● **Directions for this task**: When you reach the line with "BADENHORST Jaco 1968-2003" in the records below, begin transcribing exactly and continue up to and including the line with "Livro Remoção De Pinos - Zuolo - Santos Pub", leaving out every picture.
++++ Data for this task
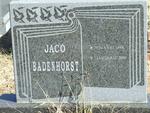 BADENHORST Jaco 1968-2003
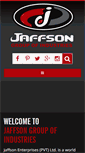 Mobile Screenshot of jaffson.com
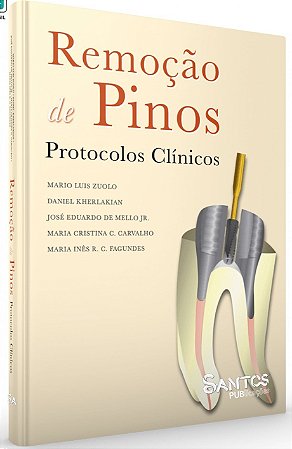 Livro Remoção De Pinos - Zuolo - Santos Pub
++++++++
++++ Data for this task
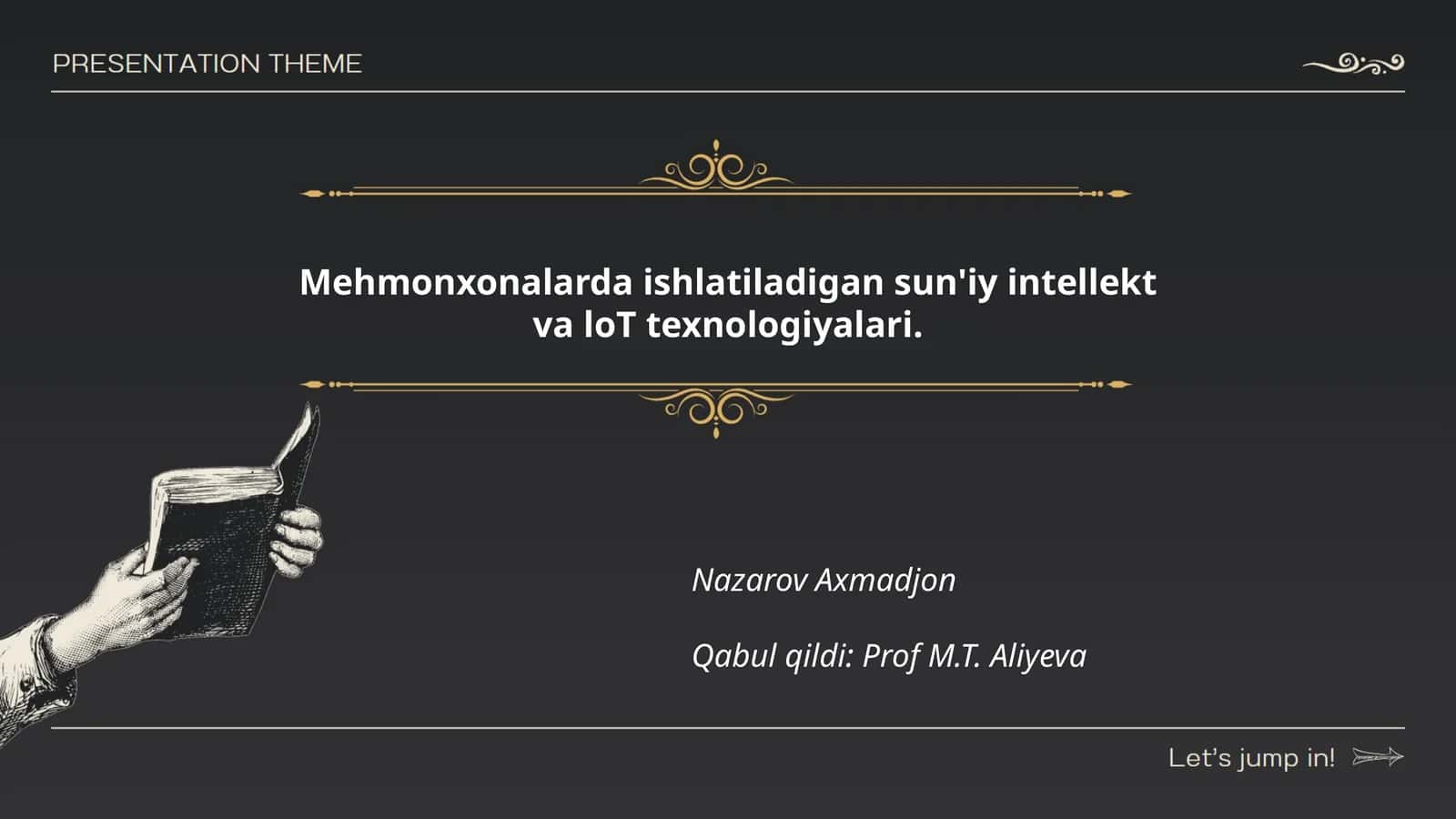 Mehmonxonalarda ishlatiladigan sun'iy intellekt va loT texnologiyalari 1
++++++++
● **Answer below**:
 BADENHORST Jaco 1968-2003
 Mobile Screenshot of jaffson.com
 Livro Remoção De Pinos - Zuolo - Santos Pub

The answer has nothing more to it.